- EXERCISE DESCRIPTION
Write out, word for word and with no pictures, each line below from the one containing "ORICO Hard Drive" through the one containing "Pair of Italian", both included, and no other line.

§

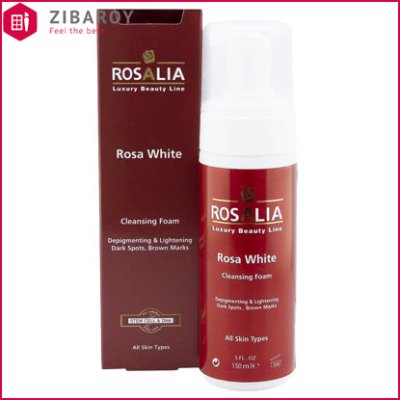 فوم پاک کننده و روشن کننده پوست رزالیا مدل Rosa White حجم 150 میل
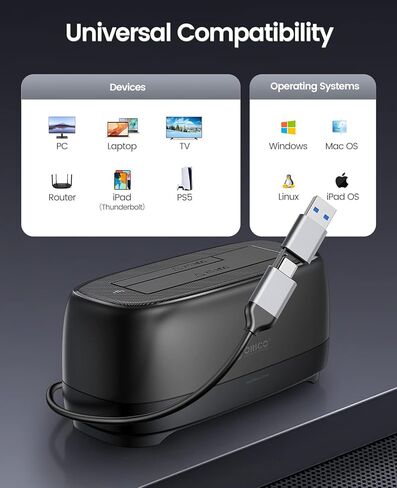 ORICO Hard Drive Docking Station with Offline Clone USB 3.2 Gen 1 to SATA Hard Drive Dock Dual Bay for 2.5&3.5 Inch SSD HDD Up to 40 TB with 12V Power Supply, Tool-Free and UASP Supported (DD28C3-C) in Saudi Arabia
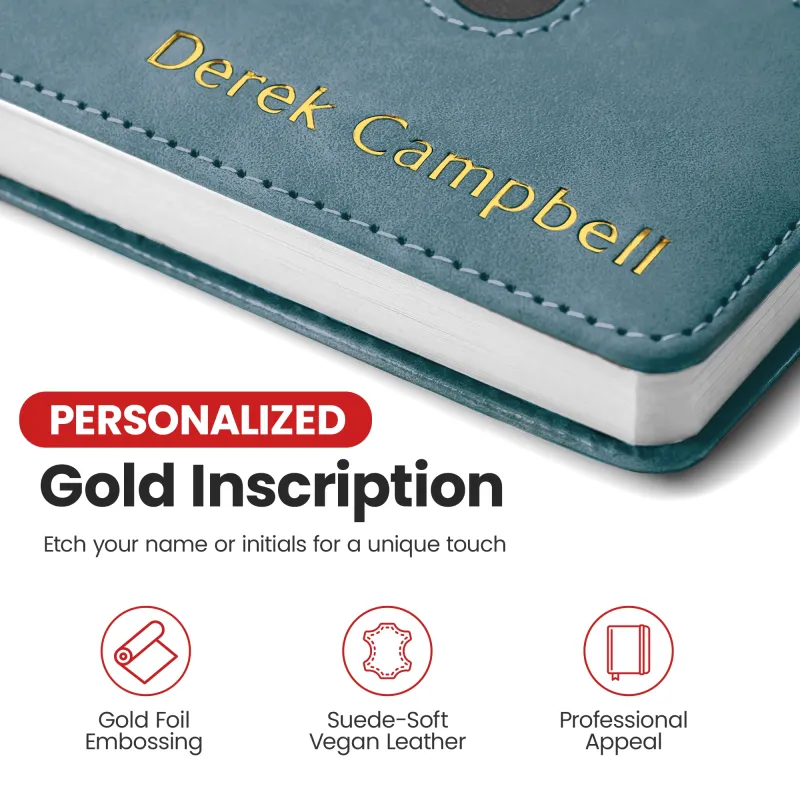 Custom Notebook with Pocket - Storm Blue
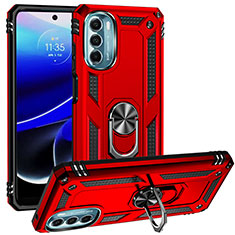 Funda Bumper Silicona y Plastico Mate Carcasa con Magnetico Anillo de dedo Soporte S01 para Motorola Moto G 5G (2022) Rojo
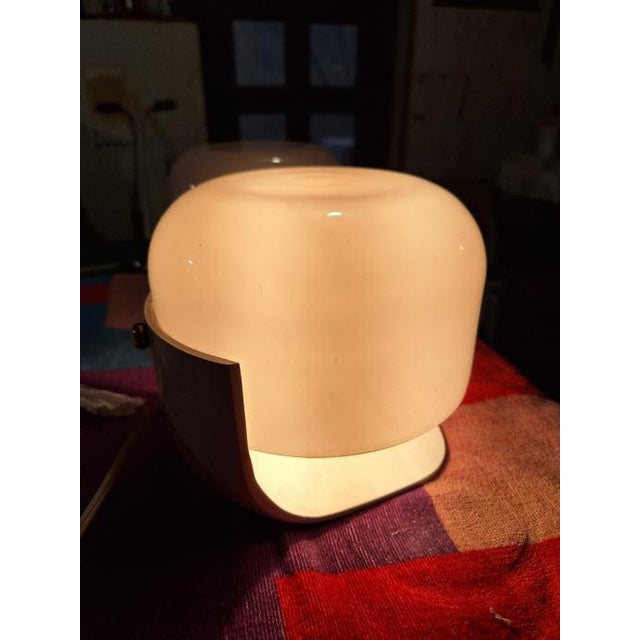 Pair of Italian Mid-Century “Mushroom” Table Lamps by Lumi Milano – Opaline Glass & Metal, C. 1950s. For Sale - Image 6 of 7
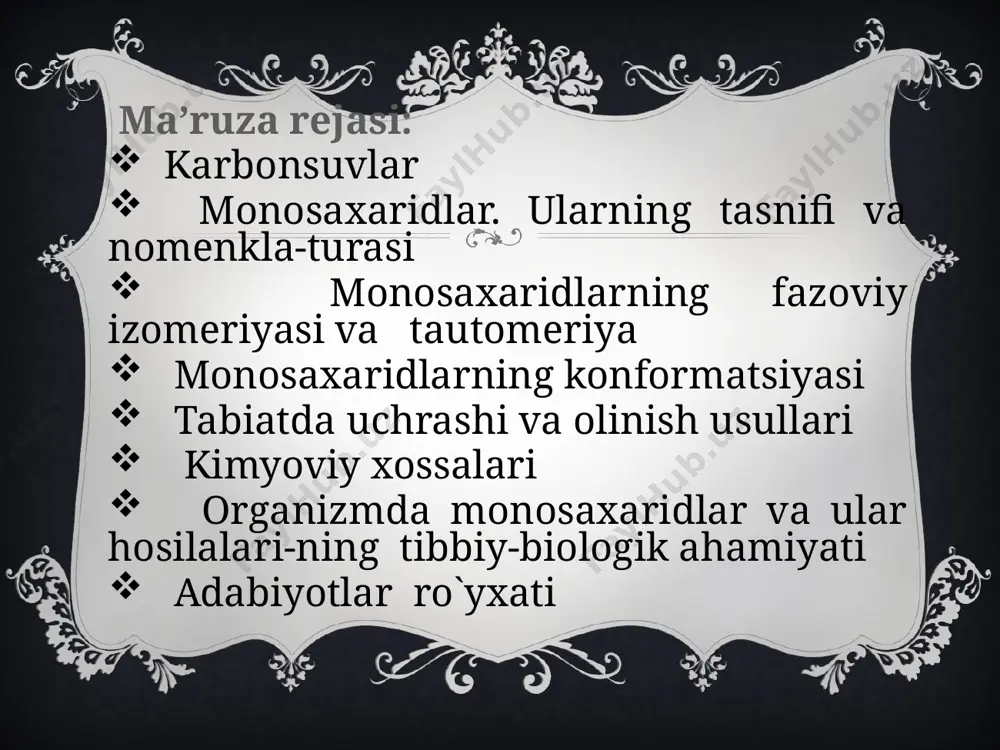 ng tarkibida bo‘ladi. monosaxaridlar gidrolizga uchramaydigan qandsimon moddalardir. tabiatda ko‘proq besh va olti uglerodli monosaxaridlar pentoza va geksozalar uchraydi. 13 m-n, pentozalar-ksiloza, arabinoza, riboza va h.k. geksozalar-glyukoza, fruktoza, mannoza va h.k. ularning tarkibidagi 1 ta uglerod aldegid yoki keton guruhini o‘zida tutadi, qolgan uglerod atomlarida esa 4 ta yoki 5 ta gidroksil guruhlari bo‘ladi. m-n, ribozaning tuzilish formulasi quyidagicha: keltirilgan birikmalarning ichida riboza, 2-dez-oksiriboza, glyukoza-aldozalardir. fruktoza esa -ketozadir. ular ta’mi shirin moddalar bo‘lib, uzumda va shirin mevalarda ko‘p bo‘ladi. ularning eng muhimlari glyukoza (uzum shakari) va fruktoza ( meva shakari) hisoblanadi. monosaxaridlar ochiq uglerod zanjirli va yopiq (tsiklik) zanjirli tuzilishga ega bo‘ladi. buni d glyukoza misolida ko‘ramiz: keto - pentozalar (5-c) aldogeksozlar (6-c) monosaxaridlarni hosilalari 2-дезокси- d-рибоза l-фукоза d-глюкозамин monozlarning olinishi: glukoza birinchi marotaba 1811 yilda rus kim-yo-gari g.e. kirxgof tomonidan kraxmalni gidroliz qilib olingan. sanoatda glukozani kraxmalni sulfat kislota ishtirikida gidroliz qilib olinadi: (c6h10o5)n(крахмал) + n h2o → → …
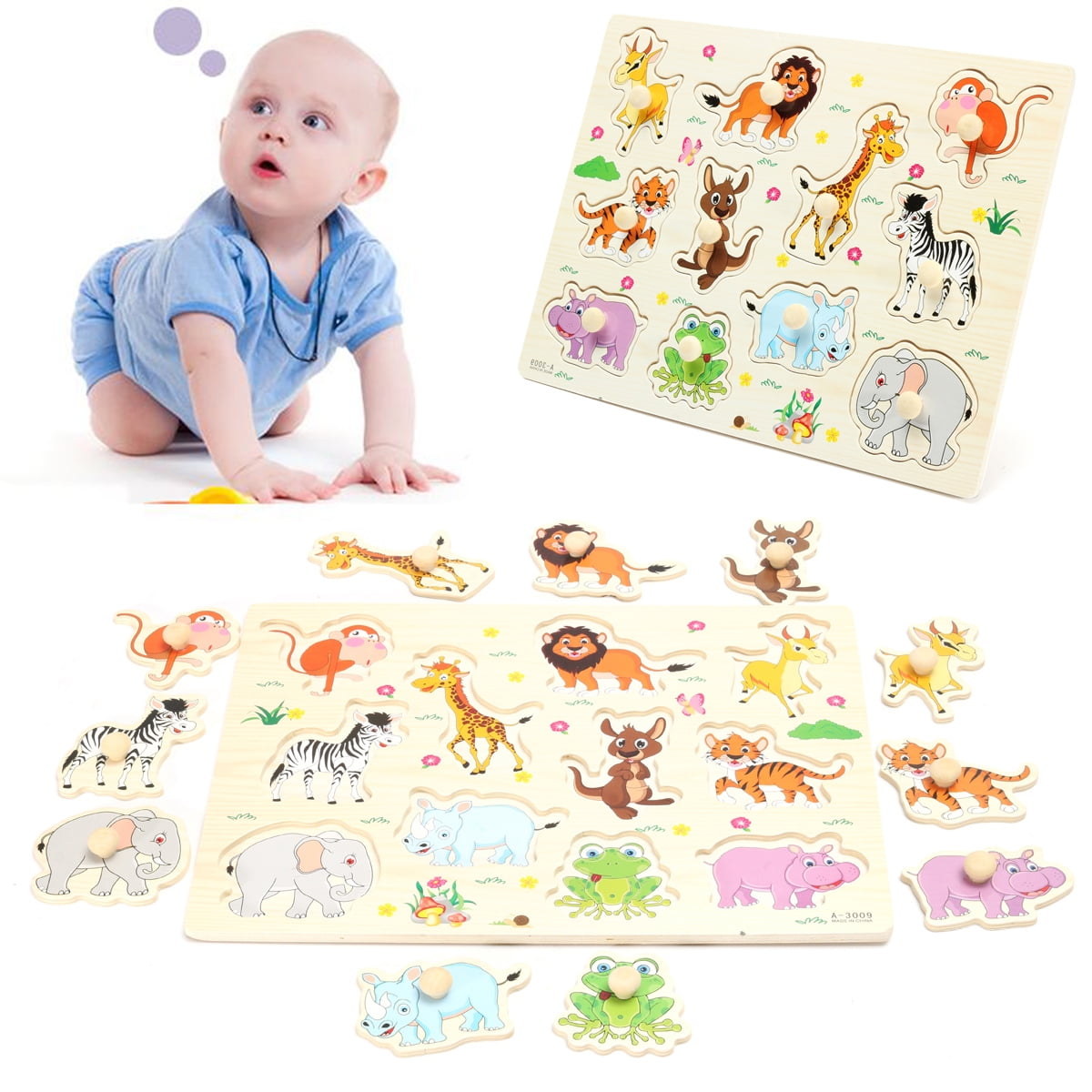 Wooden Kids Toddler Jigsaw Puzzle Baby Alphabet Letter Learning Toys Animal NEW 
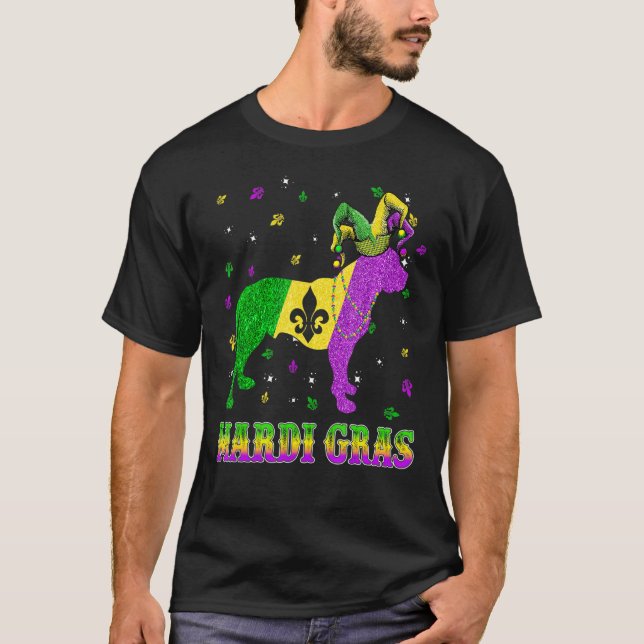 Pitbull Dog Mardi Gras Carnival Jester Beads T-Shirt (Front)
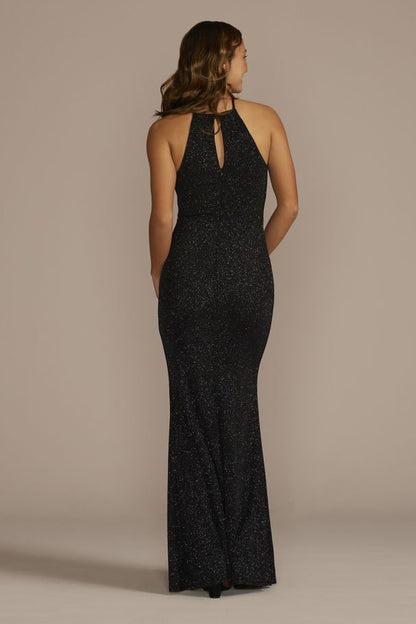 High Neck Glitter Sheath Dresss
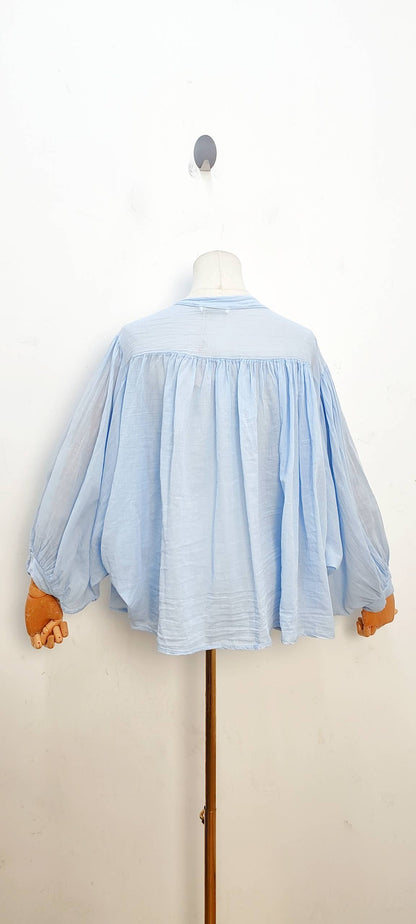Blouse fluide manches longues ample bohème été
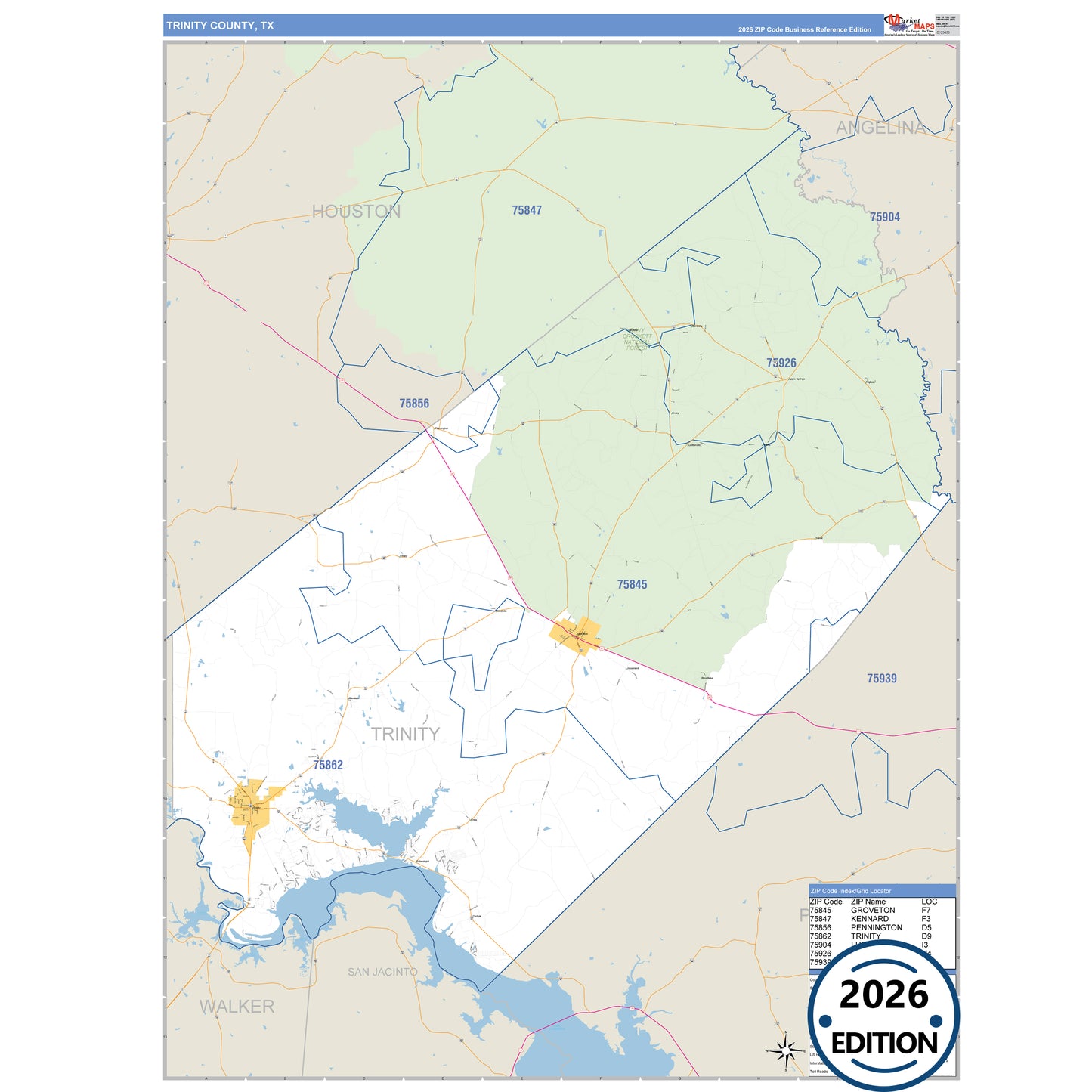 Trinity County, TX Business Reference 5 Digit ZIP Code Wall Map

§

- EXERCISE RESULT
 ORICO Hard Drive Docking Station with Offline Clone USB 3.2 Gen 1 to SATA Hard Drive Dock Dual Bay for 2.5&3.5 Inch SSD HDD Up to 40 TB with 12V Power Supply, Tool-Free and UASP Supported (DD28C3-C) in Saudi Arabia
 Custom Notebook with Pocket - Storm Blue
 Funda Bumper Silicona y Plastico Mate Carcasa con Magnetico Anillo de dedo Soporte S01 para Motorola Moto G 5G (2022) Rojo
 Pair of Italian Mid-Century “Mushroom” Table Lamps by Lumi Milano – Opaline Glass & Metal, C. 1950s. For Sale - Image 6 of 7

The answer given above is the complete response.